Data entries
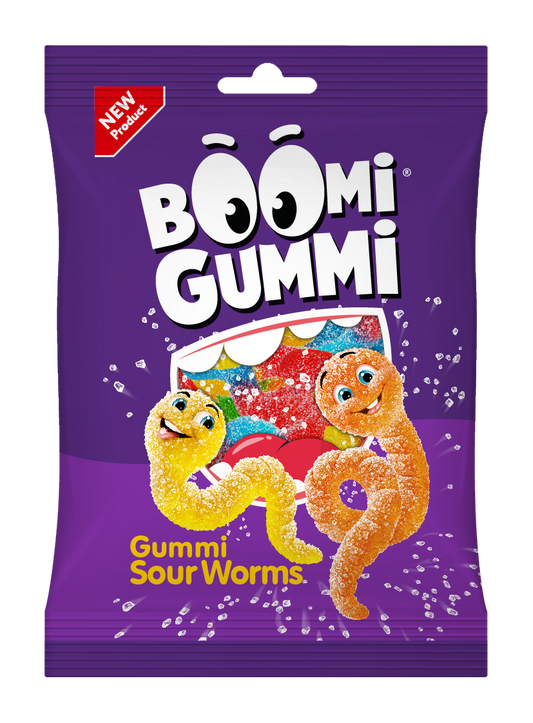 Цукерки желейні Boomi Gummi Sour Worms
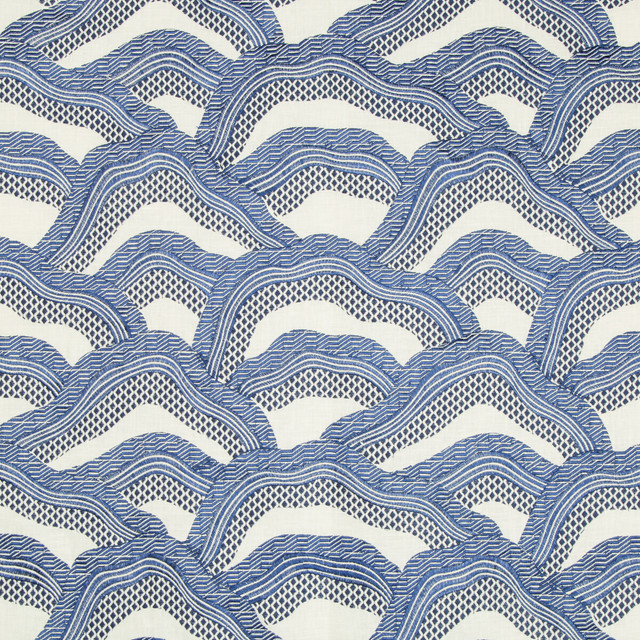 Les Rizieres Emb Royal/Navy by Brunschwig & Fils Fabric Brunschwig & Fils Fabric Les Rizieres Emb Royal/NavyFabric LES ENSEMBLIERS LINEN - 52%;RAYON - 48% India </p><p>Repeat: H: 13, V: 15.75 51.5 - Fabric Carolina -
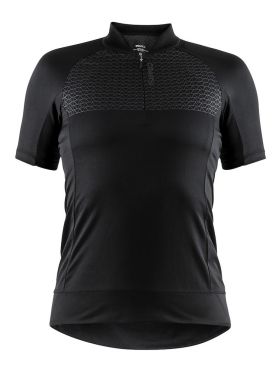 Craft Rise Radtrikot Schwarz Damen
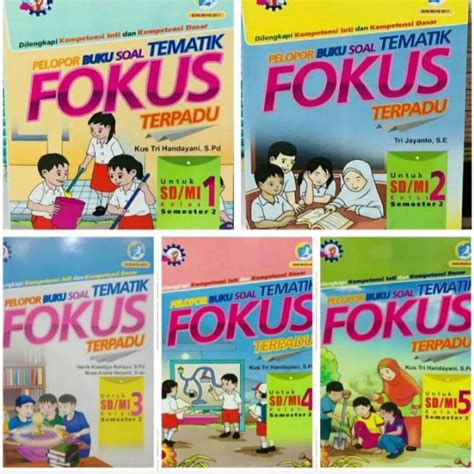 Jual Pelopor Buku Soal Tematik FOKUS Terpadu Kelas 1 2 4 5 6 Revisi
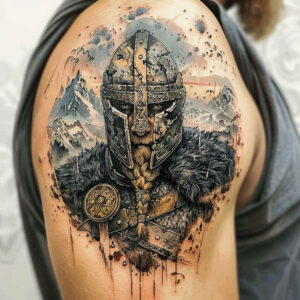 vikings tattoo design ideas artistic contrast ship journey represents perseverance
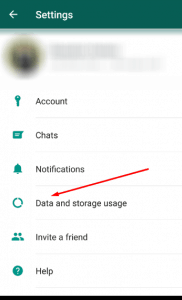 سر منع واتساب من استهلاك البيانات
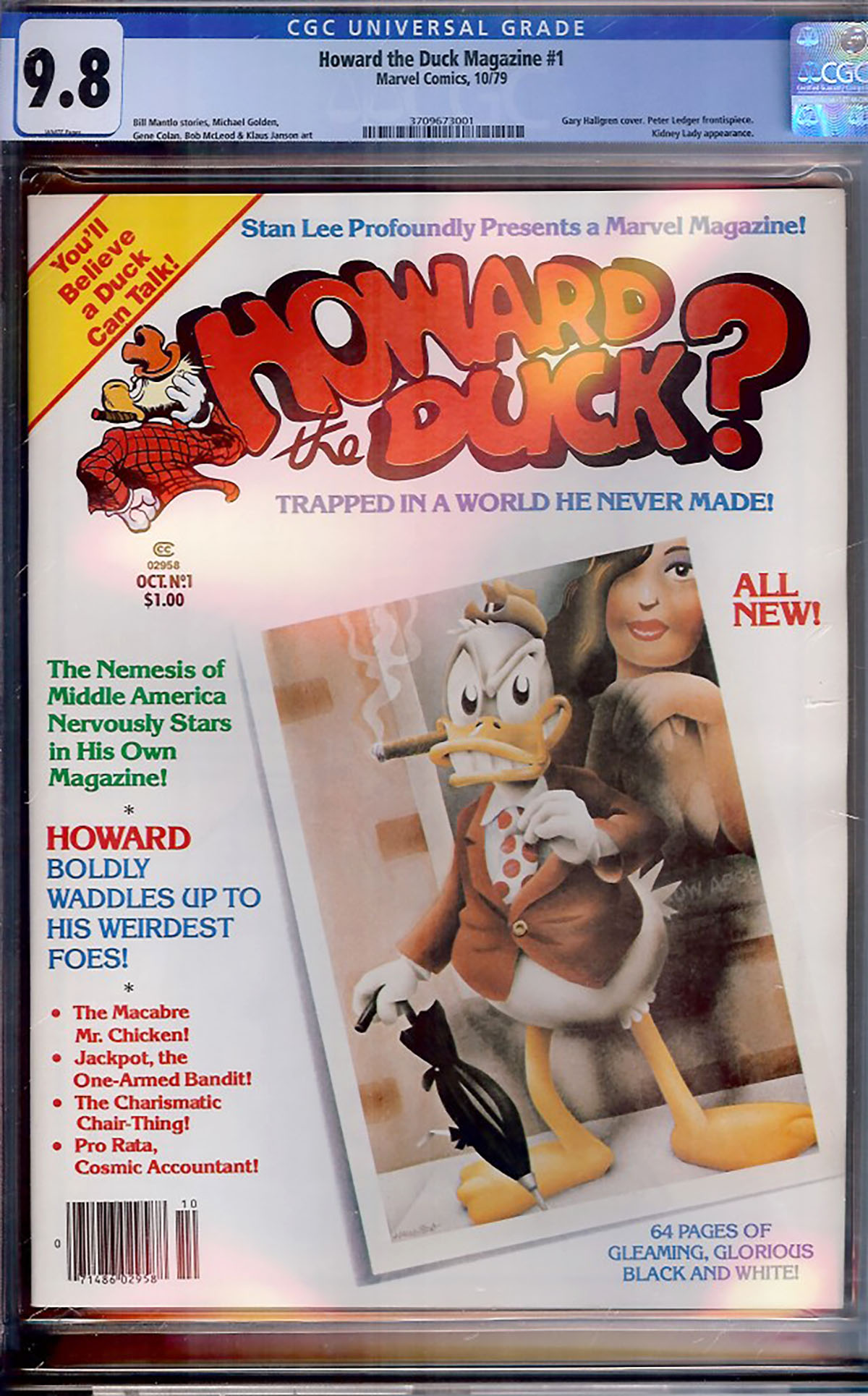 Howard the Duck Magazine #1 CGC 9.8 w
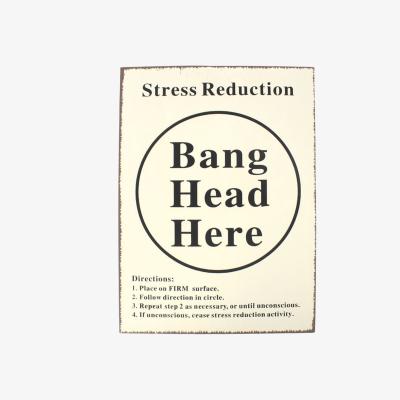 The Range Frustration-Relief Bang Head Sign - Yellow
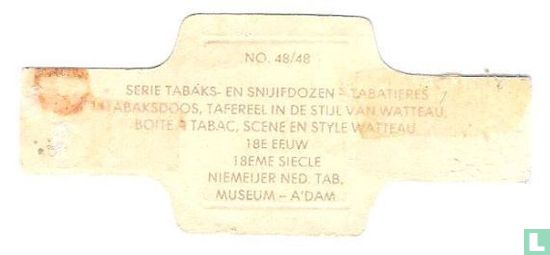 Tabaksdoos, tafereel in de stijl van Watteau, 18e eeuw - Afbeelding 2
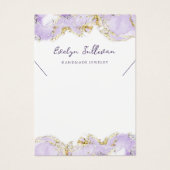 lavendel vloeistof marmer profiel kaart (Voorkant)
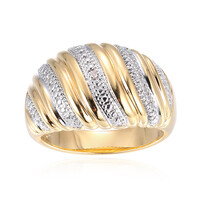 Anillo en latón con Diamante I3 (I) (Juwelo Style)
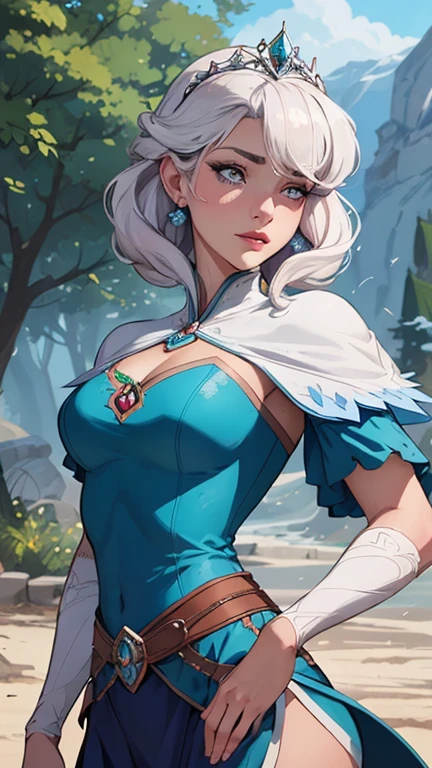 Personagem mulher Rainha Anna de Arendelle com marcas de guerras Imagem de desenho animado de uma mulher .Ilustra??o estilo desenho animado, estilo de arte dos desenhos animados, estilo de arte dos desenhos animados, digital illustration style, design de personagens altamente detalhado, arte digital detalhada coragem, Forest fan art, Design de personagens de retrato, beautiful digital illustration, retrato de alta qualidade, Arte em quadrinhos, mulher jovem cabelo com transas lindas . Queen Anna of ArendelleBeautiful lined eyes Medium large bust and wonderful sexy clothes. image expression of sexual desire from waist to head illustration Queen Anna of Arendelle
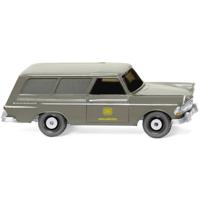 Wiking Opel Rekord '60 Caravan "DB" Stadsauto miniatuur Voorgemonteerd 1:87 - thumbnail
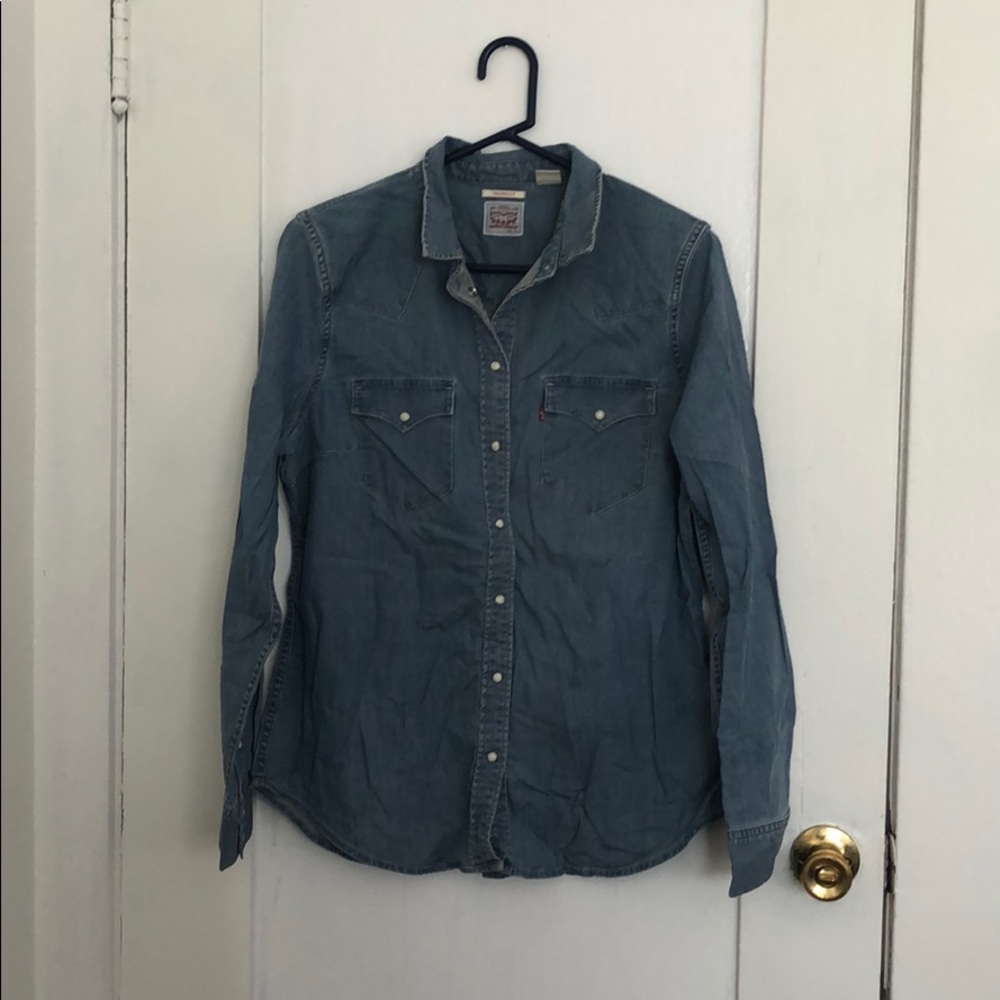 Women’s Levi’s Western Denim Shirt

» Work to complete
Output a precise copy of the entries, leaving the images out.

» Solution to this problem
 Цукерки желейні Boomi Gummi Sour Worms
 Les Rizieres Emb Royal/Navy by Brunschwig & Fils Fabric Brunschwig & Fils Fabric Les Rizieres Emb Royal/NavyFabric LES ENSEMBLIERS LINEN - 52%;RAYON - 48% India </p><p>Repeat: H: 13, V: 15.75 51.5 - Fabric Carolina -
 Craft Rise Radtrikot Schwarz Damen
 Jual Pelopor Buku Soal Tematik FOKUS Terpadu Kelas 1 2 4 5 6 Revisi
 vikings tattoo design ideas artistic contrast ship journey represents perseverance
 سر منع واتساب من استهلاك البيانات
 Howard the Duck Magazine #1 CGC 9.8 w
 The Range Frustration-Relief Bang Head Sign - Yellow
 Tabaksdoos, tafereel in de stijl van Watteau, 18e eeuw - Afbeelding 2
 lavendel vloeistof marmer profiel kaart (Voorkant)
 Anillo en latón con Diamante I3 (I) (Juwelo Style)
 Personagem mulher Rainha Anna de Arendelle com marcas de guerras Imagem de desenho animado de uma mulher .Ilustra??o estilo desenho animado, estilo de arte dos desenhos animados, estilo de arte dos desenhos animados, digital illustration style, design de personagens altamente detalhado, arte digital detalhada coragem, Forest fan art, Design de personagens de retrato, beautiful digital illustration, retrato de alta qualidade, Arte em quadrinhos, mulher jovem cabelo com transas lindas . Queen Anna of ArendelleBeautiful lined eyes Medium large bust and wonderful sexy clothes. image expression of sexual desire from waist to head illustration Queen Anna of Arendelle
 Wiking Opel Rekord '60 Caravan "DB" Stadsauto miniatuur Voorgemonteerd 1:87 - thumbnail
 Women’s Levi’s Western Denim Shirt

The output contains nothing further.